GIONA COLOMBO

Alcuni giorni fa mi è pervenuta la richiesta di esprimere un giudizio sul cambiamento avvenuto con il
passaggio dal liceo all’università. L’ho accolta volentieri.
Con l’esame di Stato 2017 si è chiuso il mio percorso al liceo classico, una scelta che ho sempre
rivendicato con fierezza e senza alcun rimpianto; certamente mi ha sottoposto a un lavoro estenuante, che
ho svolto perchè “sì come dice lo Filosofo nel principio de la Prima Filosofia, tutti li uomini naturalmente
desiderano di sapere”, ma ne ho tratto effetti di abbondante arricchimento intellettuale e spirituale.

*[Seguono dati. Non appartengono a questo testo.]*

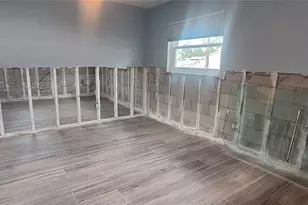 6019 Venetian Blvd NE, Saint Petersburg, FL 33703 - Photo 10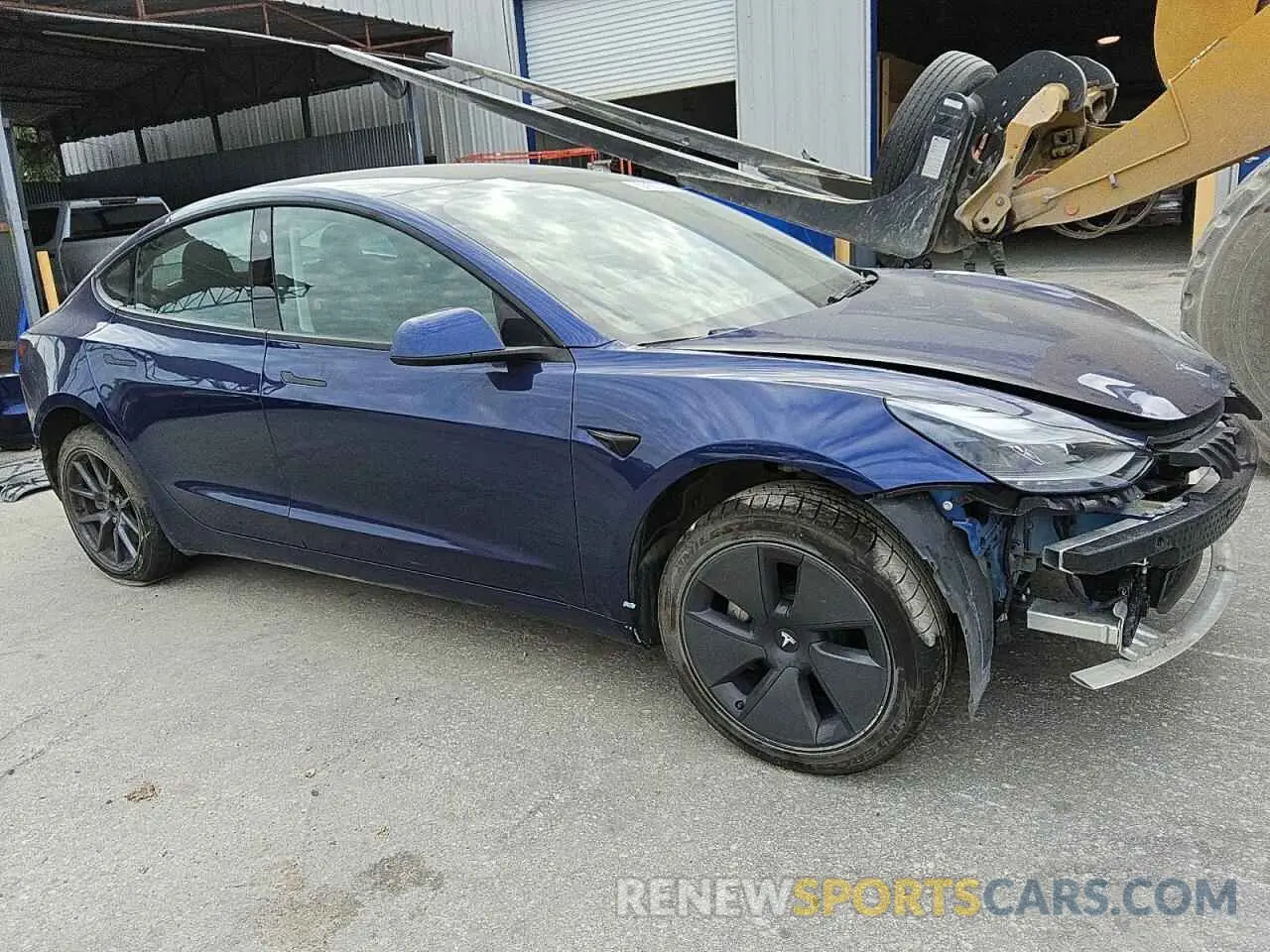 4 Photograph of a damaged car 5YJ3E1EA0PF447784 TESLA MODEL 3 2023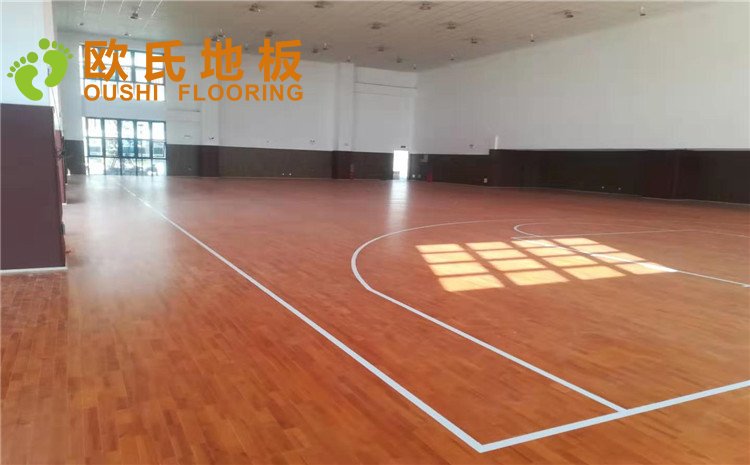 安徽懷寧室內籃球館木地板圖片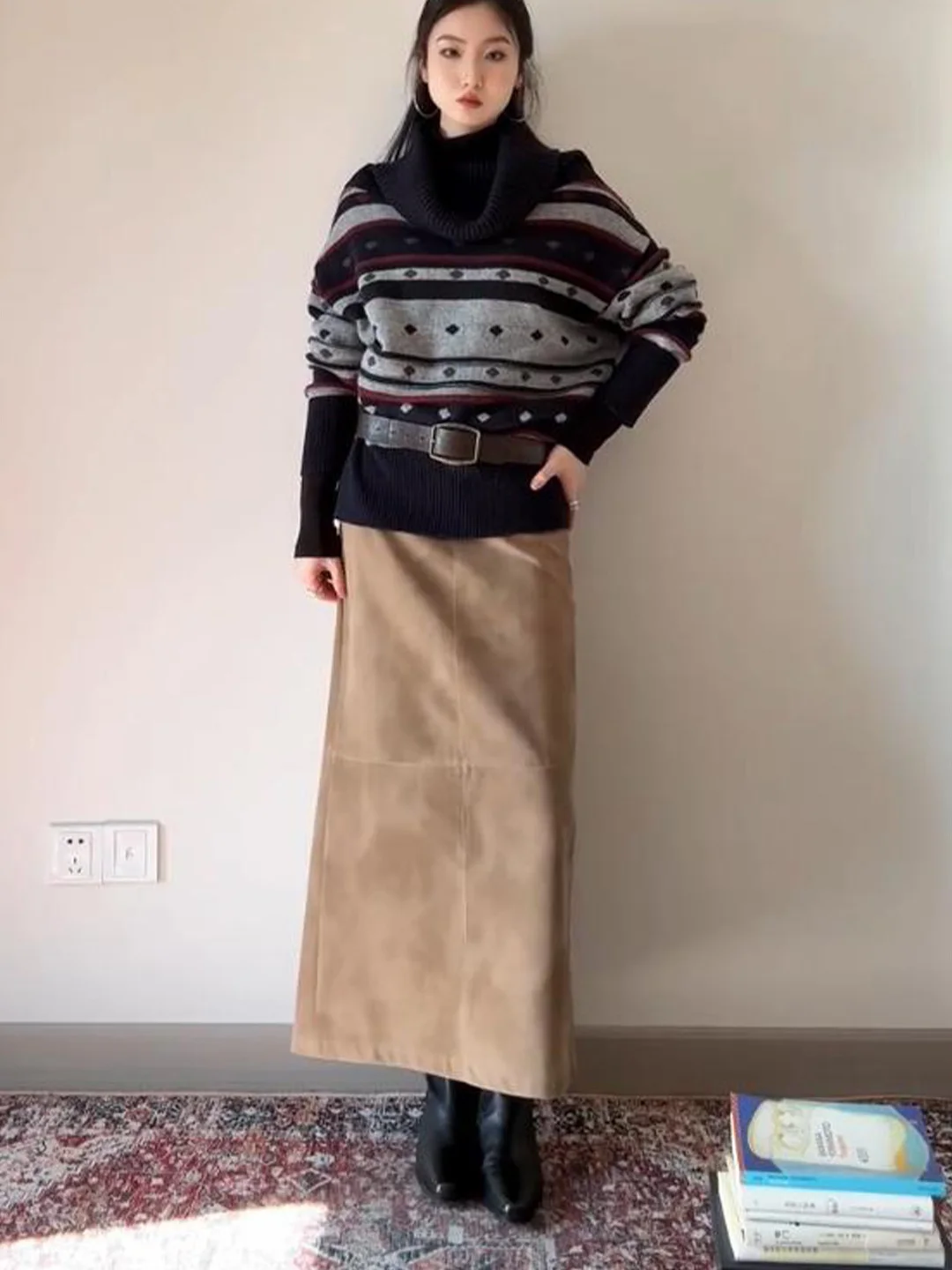 

Ретро-юбка миди из коричневой замши с высокой талией и разрезом, повседневная, женская, модная, весенне-осенняя, прямого кроя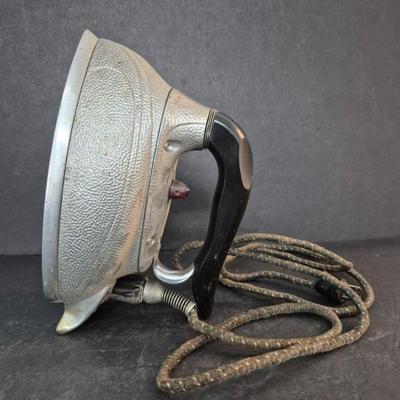 Vintage 1940s Waverly Products Steam-o-Matic Iron Model #B-300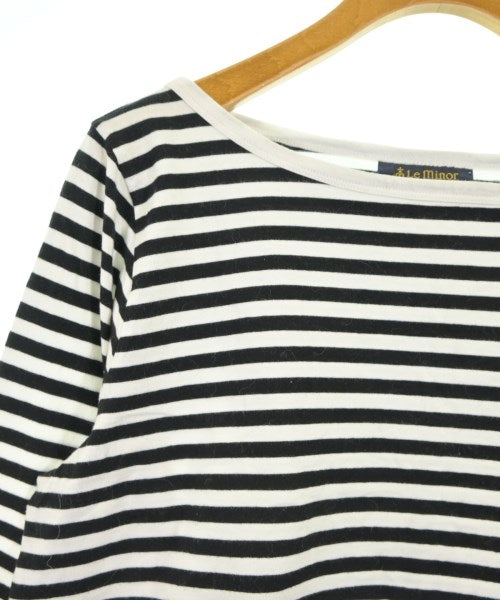 Le minor เสื้อยืด/เสื้อท็อปส์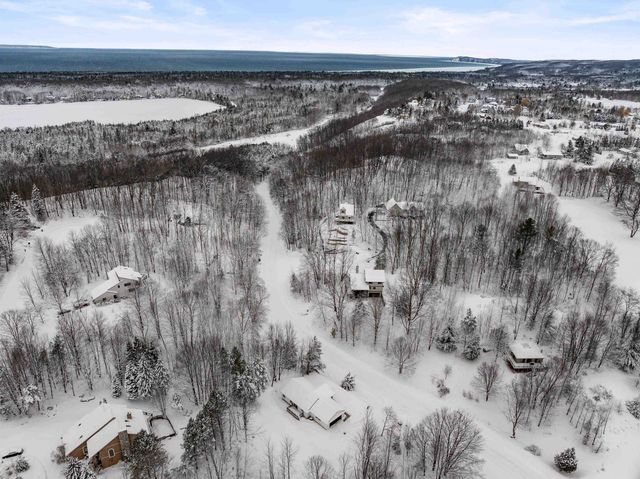 4144 S Sugar Loaf Mountain Road, Cleveland Twp, MI 49621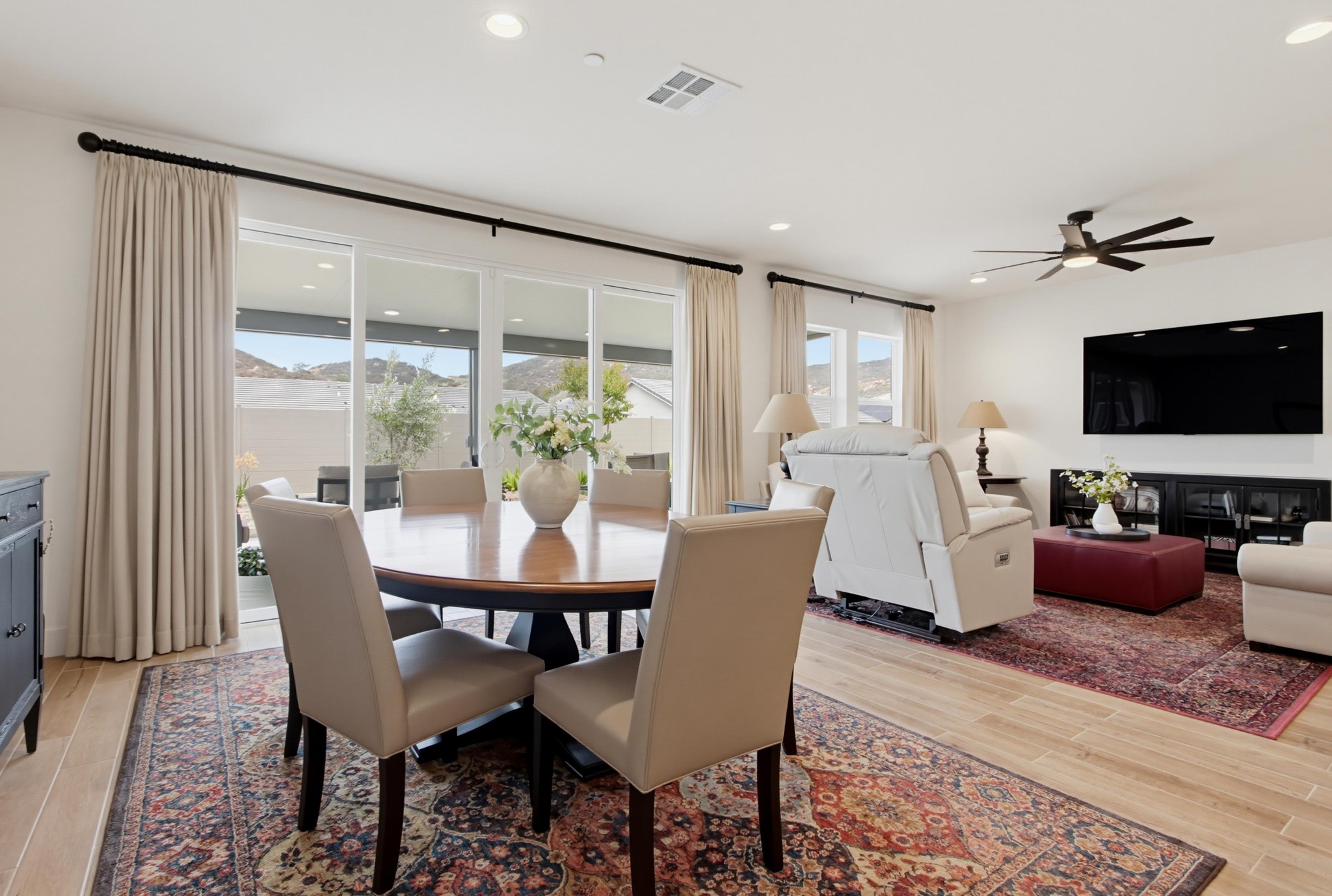 Virtual tour photo 16 of 57 for 3437 Foxley Dr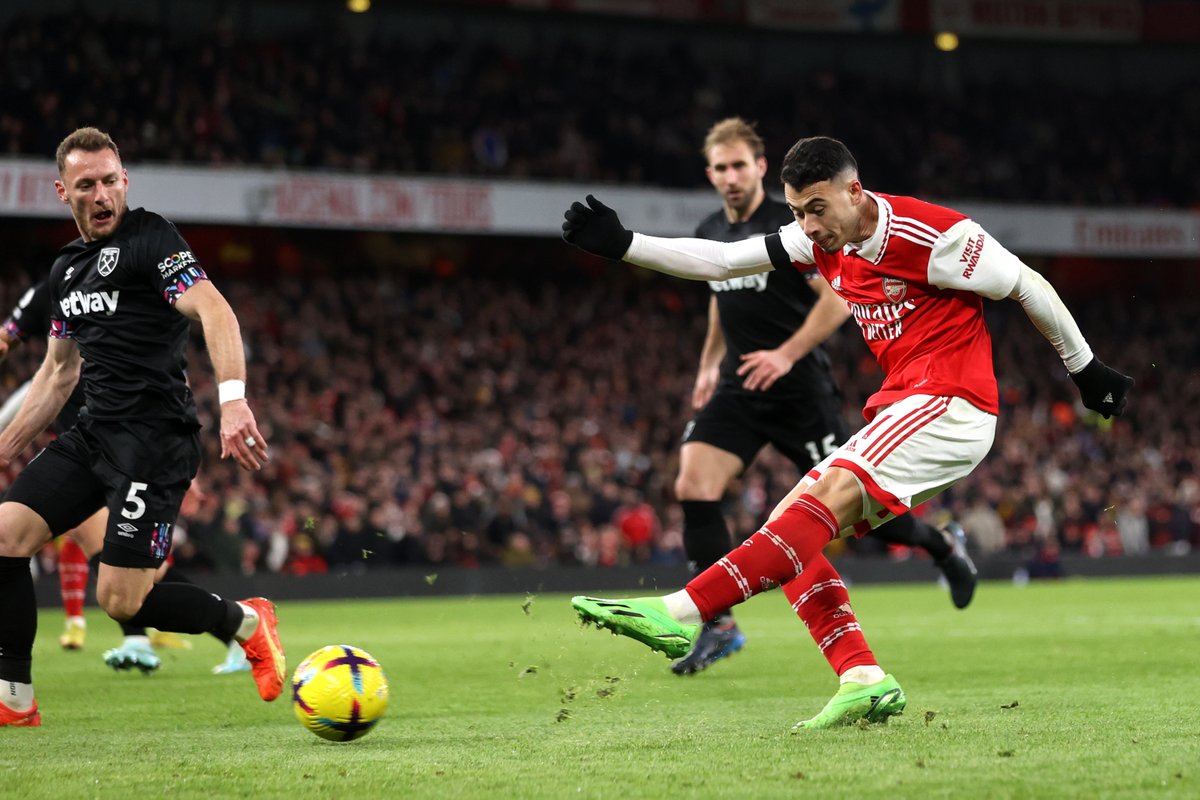 footballontnt's tweet image. Saka ⚽️
Martinelli ⚽️
Arsenal's wingers coming up clutch! ✨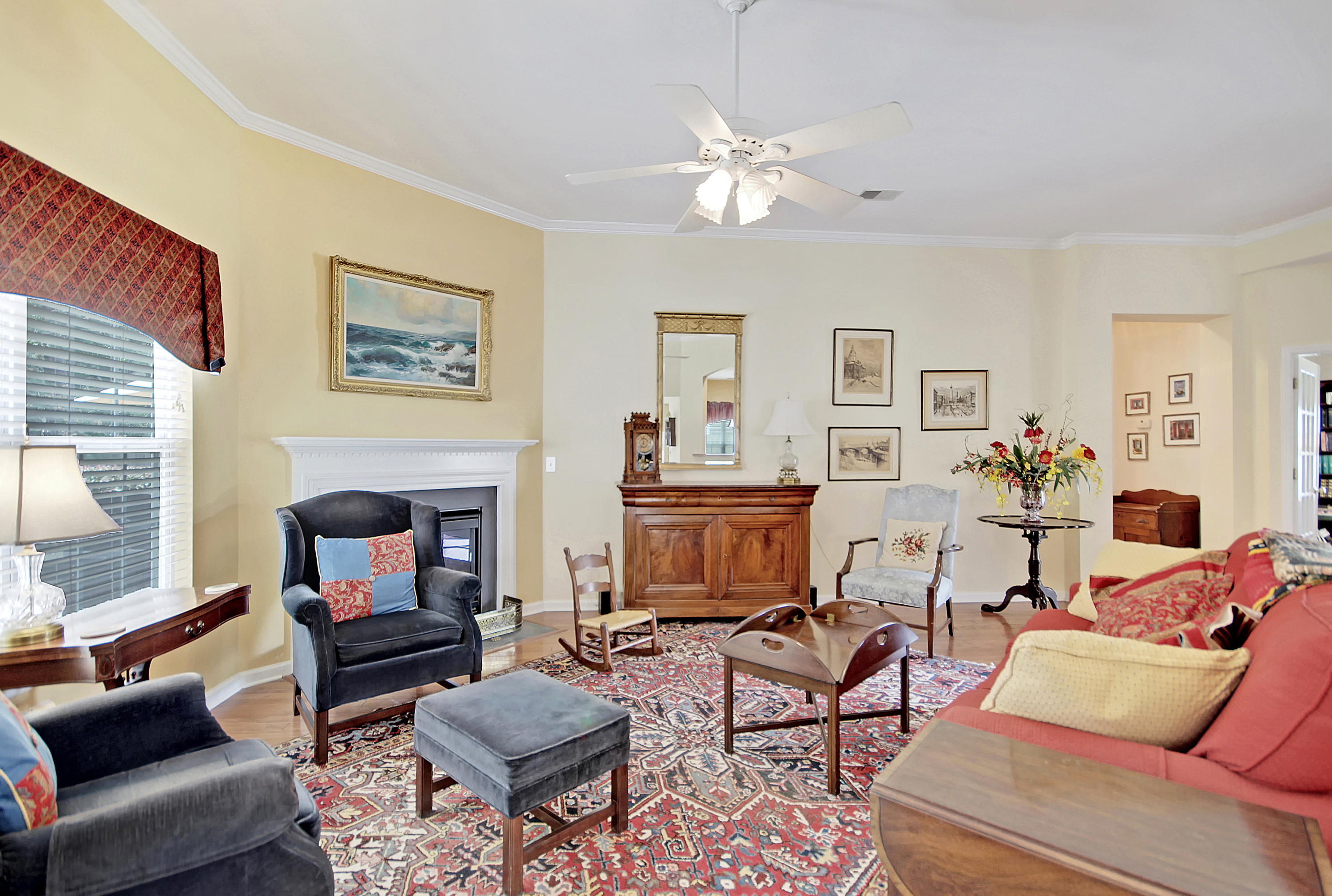 208 Hollytree Circle Ladson, SC 29456 - Photo 6 of 36 Living Room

Dal momento che poi la mia vera passione consisteva ( e consiste tuttora) nello studio della filologia e
delle nostre due lingue classiche, mi sono iscritto al corso di Laurea in Lettere, curriculum Antico. Il salto
c’è stato e si è fatto sentire soprattutto nel corso dei primi mesi, in cui la scansione abituale della giornata,
quindi anche della settimana, cambia radicalmente. Mutano l’ambiente, le conoscenze e la città nel modo
più visibile, ma anche lo stesso rapporto con gli insegnanti si diversifica, divenendo molto più distaccato e
anonimo, poiché i vari corsi da frequentare durano il tempo di pochi mesi e il numero di studenti sale
vertiginosamente rispetto a quello di una consueta aula di scuola superiore. In effetti questo è stato
l’aspetto cui ho più faticato ad abituarmi.
Ultima, ma non meno importante, è la diversità con la quale si affronta lo studio per la preparazione di
ogni esame. Io ho subito messo in pratica un antico consiglio fornitomi durante il primo anno di liceo:
non perdere mai il controllo della mole del materiale da “ingurgitare”, mi si conceda l’espressione, ma
applicarsi con costanza, approntando, se è possibile, ogni lezione volta per volta, evitando tassativamente
la cosiddetta “full immersion” degli ultimi tre giorni. A qualcuno potrebbe parere eccessivo, ma consente
una grande tenuta d’insieme sugli argomenti. Certamente è un sacrificio, ma i sacrifici sono giusti se
hanno un perchè, in questo caso un rendimento alto che inciderà sulle future possibilità lavorative. Del
resto anche gli atleti, per vincere, non dico le Olimpiadi, ma qualsiasi competizione abbastanza
importante, si sottopongono a un rigido allenamento, che inevitabilmente comporta alcune rinunce.